Burial site in the rose garden next to the home




We then toured the presidential library which was designed and built by FDR towards the end of his second term... thinking he would retire then.  Inside we saw many exhibits of all of his challenges but what was especially unique was seeing his actual office where he worked during the rest of his presidency.  He invented the idea of a presidential library and all presidents since him now have them.  The exhibits were fascinating and very well done.  It makes me want to visit other presidential libraries.

Then we gritted our teeth for the death-defying ride down down down the hill... brakes engaged the whole way.  With 12 inch tires, our center of gravity is a bit unusual on these bikes.  At least that is my excuse why I found it a bit too thrilling.  We survived and it will be another memory as an adventure in and of itself.

Hudson Day 2.. Tappan Zee to Hyde Park


I thought I'd start today's blog by telling you some trivia I've learned about the Hudson and its history.  I was rereading "River Horse" (see earliest posts) with regard to their trip up the Hudson and learned a few things I didn't know.

The Hudson is mostly very straight with only one real "oxbow" and, the lower 140 miles of it is actually a fjord... the only one in our "lower 48".  I'm not sure what constitutes a fjord but is says here that the tidal reach goes the first 140 miles.  the first 140 miles brings you to Troy and the Erie Canal.

We were starting approximately at the Tappan Zee bridge which is Dutch name meanling "cold stream sea"


I THINK this is the Tappan Zee Bridge.  I have way too many pictures of bridges to know for sure
The current of the Hudson was something we had been warned about however it didn't seem bad at all.  Maybe its all "relative".  In fact, once we did pass that "ox bow" at Storm King Mountain, the water was glass like.  However, in River Horse he states that the current is "constant" and "predictable" and that a floating stick would take 3 weeks to float from Troy to the NYC Battery.  That's because it will ride a dozen miles down an ebb tide and then float back up 8 miles with every flood tide.

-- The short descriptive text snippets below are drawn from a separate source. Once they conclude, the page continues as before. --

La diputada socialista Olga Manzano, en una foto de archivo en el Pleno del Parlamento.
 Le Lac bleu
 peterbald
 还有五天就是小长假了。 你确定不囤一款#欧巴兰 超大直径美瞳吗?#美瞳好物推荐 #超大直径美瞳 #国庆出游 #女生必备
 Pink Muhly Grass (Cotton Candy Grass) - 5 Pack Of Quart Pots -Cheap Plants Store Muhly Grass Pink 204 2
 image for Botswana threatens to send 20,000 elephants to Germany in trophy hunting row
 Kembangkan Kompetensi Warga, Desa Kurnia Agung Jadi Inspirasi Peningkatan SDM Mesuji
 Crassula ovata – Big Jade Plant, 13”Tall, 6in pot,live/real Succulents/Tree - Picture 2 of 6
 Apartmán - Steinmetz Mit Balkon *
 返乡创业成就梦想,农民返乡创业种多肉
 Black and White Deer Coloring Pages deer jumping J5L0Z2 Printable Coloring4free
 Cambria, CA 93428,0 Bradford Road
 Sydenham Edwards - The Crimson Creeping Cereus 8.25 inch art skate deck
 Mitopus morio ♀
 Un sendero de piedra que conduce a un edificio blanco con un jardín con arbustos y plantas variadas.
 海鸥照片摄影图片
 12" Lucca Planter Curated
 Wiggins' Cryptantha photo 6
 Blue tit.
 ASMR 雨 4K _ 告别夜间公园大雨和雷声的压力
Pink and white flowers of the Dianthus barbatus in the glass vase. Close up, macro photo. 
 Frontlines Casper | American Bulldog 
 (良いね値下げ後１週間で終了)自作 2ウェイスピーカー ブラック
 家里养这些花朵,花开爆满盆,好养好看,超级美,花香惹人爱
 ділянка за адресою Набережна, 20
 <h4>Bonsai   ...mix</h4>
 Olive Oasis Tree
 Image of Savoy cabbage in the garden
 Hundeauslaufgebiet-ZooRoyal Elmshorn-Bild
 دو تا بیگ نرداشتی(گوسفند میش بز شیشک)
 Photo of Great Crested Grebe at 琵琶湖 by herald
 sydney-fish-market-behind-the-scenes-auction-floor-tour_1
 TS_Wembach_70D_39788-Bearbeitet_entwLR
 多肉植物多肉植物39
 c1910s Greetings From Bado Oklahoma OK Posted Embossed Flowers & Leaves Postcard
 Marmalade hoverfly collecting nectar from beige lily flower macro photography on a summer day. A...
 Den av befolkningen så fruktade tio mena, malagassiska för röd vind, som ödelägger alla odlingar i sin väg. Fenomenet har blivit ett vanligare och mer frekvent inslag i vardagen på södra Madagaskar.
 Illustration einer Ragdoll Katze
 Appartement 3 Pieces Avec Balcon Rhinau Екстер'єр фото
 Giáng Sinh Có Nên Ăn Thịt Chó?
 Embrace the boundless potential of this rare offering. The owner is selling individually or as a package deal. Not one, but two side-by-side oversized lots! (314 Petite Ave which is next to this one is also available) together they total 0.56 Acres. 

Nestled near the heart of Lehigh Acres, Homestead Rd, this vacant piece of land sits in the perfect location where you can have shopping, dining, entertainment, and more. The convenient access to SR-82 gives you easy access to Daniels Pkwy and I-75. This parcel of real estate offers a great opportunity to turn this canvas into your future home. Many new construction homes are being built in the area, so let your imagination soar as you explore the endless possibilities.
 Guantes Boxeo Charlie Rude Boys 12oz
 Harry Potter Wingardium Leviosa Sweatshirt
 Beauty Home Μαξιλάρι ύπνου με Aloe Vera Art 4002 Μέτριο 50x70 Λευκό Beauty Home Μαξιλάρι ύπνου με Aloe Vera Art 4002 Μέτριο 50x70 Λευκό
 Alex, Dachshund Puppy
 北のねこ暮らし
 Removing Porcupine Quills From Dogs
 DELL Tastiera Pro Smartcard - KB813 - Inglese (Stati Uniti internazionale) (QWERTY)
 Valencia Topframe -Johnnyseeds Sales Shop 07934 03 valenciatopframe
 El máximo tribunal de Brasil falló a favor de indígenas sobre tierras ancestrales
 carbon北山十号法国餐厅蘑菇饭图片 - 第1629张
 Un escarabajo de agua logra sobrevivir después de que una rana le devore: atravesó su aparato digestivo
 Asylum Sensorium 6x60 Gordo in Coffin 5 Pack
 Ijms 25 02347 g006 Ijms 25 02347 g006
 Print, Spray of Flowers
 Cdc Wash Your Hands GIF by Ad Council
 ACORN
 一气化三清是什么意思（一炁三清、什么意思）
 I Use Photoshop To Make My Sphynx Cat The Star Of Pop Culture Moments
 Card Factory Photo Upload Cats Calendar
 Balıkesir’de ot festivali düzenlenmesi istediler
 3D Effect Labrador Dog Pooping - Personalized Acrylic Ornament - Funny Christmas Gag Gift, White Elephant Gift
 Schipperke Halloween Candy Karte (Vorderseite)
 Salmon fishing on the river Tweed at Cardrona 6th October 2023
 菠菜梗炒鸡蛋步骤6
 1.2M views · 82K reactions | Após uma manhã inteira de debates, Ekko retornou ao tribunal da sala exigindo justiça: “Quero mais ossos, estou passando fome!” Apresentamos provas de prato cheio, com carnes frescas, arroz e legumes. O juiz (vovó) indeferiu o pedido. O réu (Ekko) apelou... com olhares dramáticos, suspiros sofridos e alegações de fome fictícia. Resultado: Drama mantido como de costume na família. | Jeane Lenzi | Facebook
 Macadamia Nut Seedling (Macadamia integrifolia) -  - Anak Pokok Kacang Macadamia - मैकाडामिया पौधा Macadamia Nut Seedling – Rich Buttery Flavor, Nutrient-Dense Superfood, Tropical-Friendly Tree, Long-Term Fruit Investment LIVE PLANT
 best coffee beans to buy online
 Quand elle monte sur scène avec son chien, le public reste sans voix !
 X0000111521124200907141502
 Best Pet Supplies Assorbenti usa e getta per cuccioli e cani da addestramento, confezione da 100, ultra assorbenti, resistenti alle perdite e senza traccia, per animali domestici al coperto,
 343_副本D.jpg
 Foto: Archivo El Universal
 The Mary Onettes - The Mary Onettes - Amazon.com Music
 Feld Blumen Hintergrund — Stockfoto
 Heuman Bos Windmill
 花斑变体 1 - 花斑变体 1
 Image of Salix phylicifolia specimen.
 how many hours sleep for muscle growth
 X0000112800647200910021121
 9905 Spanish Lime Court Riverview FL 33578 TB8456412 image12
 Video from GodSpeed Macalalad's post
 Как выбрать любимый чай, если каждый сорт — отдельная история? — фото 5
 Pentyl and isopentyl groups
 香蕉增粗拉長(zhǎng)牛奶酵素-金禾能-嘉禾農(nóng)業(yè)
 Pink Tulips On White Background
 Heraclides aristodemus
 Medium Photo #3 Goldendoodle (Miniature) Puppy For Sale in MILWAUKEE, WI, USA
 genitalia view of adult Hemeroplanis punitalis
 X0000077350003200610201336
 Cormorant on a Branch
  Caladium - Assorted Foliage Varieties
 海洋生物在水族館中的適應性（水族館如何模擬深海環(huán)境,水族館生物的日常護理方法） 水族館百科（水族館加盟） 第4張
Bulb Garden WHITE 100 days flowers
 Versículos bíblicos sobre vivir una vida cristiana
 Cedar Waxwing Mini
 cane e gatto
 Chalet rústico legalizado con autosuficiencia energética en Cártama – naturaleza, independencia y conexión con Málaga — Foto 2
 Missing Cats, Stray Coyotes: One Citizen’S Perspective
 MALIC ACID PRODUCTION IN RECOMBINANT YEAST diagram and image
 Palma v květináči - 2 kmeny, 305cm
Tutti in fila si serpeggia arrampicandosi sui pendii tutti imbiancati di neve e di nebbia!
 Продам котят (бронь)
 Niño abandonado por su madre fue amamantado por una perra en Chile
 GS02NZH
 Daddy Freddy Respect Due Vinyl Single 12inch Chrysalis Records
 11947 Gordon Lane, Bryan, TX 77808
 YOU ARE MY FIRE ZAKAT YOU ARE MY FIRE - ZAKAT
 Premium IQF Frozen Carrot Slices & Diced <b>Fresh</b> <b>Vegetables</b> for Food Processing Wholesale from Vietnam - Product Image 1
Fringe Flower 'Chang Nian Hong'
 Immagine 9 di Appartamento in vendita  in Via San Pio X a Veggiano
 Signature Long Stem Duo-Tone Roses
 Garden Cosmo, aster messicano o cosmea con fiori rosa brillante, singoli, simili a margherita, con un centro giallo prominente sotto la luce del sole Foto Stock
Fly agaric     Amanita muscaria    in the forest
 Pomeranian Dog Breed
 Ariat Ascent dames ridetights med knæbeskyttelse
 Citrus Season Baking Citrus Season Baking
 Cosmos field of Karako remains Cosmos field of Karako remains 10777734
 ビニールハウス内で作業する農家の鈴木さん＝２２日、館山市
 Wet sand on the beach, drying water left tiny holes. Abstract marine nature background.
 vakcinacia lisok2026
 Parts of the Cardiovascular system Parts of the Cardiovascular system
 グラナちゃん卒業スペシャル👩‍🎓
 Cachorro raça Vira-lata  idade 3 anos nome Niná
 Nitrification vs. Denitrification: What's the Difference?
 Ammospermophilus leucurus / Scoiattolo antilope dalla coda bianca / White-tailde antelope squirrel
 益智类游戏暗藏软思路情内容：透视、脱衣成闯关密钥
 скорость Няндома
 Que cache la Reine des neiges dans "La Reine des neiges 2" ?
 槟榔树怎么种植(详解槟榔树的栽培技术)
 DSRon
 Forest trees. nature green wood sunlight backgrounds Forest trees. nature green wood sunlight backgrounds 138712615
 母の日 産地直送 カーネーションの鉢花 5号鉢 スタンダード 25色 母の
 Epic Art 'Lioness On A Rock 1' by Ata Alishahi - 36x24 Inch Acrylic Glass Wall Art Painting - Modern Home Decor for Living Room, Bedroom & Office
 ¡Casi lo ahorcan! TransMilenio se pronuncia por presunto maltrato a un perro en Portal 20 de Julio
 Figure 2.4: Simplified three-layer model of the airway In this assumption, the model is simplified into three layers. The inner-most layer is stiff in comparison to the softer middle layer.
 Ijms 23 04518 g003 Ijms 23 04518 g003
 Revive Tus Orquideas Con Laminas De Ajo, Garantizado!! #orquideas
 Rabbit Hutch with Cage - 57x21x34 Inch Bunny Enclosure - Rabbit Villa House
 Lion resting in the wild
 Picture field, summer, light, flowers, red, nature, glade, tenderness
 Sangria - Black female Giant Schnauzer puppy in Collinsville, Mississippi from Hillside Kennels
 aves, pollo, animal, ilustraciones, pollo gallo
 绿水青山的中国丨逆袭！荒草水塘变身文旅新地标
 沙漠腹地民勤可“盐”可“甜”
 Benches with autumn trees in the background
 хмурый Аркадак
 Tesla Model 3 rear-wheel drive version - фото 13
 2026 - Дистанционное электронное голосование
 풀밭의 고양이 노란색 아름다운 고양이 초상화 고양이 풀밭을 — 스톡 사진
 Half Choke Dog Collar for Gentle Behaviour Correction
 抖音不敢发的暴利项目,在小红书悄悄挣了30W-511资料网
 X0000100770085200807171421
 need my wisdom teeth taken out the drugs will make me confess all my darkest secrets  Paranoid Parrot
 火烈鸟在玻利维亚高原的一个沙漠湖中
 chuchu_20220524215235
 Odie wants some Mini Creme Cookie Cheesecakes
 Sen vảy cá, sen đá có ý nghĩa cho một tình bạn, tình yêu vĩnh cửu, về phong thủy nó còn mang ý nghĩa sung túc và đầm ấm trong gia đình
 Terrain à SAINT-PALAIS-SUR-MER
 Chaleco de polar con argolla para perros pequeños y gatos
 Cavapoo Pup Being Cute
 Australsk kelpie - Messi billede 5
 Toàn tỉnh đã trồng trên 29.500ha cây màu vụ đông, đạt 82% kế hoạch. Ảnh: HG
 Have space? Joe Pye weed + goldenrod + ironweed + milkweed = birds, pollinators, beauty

So after brushing up on "River Horse" last night I spent time looking for specific sights along the way up.  Here is West Point, which, in our opinion, looks more like a prison than a school.  Or at least more like a fortress with its high walls and towers.




The next place I wanted to see was called Pollepel Island (Bannerman's Island).  Here we saw the decaying remains of an American castle.  Between 1900 and 1918, Frank Bannerman, a munitions dealer built a folly of a castle on a little island in the middle of the Hudson.  He was a Scotsman who missed his home country and wanted his own little kingdom.   In his book, "River Horse", William Least Heat-Moon meets and interviews one of Bannerman's descendents.  Apparently no one besides Frank Bannerman really liked coming to the castle.  It was given to the state and for a time there were tours given.  Then there was a fire and it became so dilapidated that landing on the island is prohibited.  That didn't stop River Horse, however.  Ignoring the laws and the dangers of very shallow rocky waters, he and his crew landed and explored.  River Horse, his C-Dory, did suffer a big ding on a submerged rock.  Not an auspicious way to start his adventure to the west.

He talks of a moat, turrets, parapets etc.  It must have been something to see and explore!







The sights were so interesting and the weather so lovely that the 50 miles went by very quickly.  Rob is especially enjoying the fact that the Hudson has rail road tracks on both sides of the shoreline... right at the shoreline.  In fact, our marina tonight in Hyde Park is virtually on the tracks of the Amtrack.  Freight train just across the river.  Rob, at least, won't mind the whistles as we sleep onboard tonight.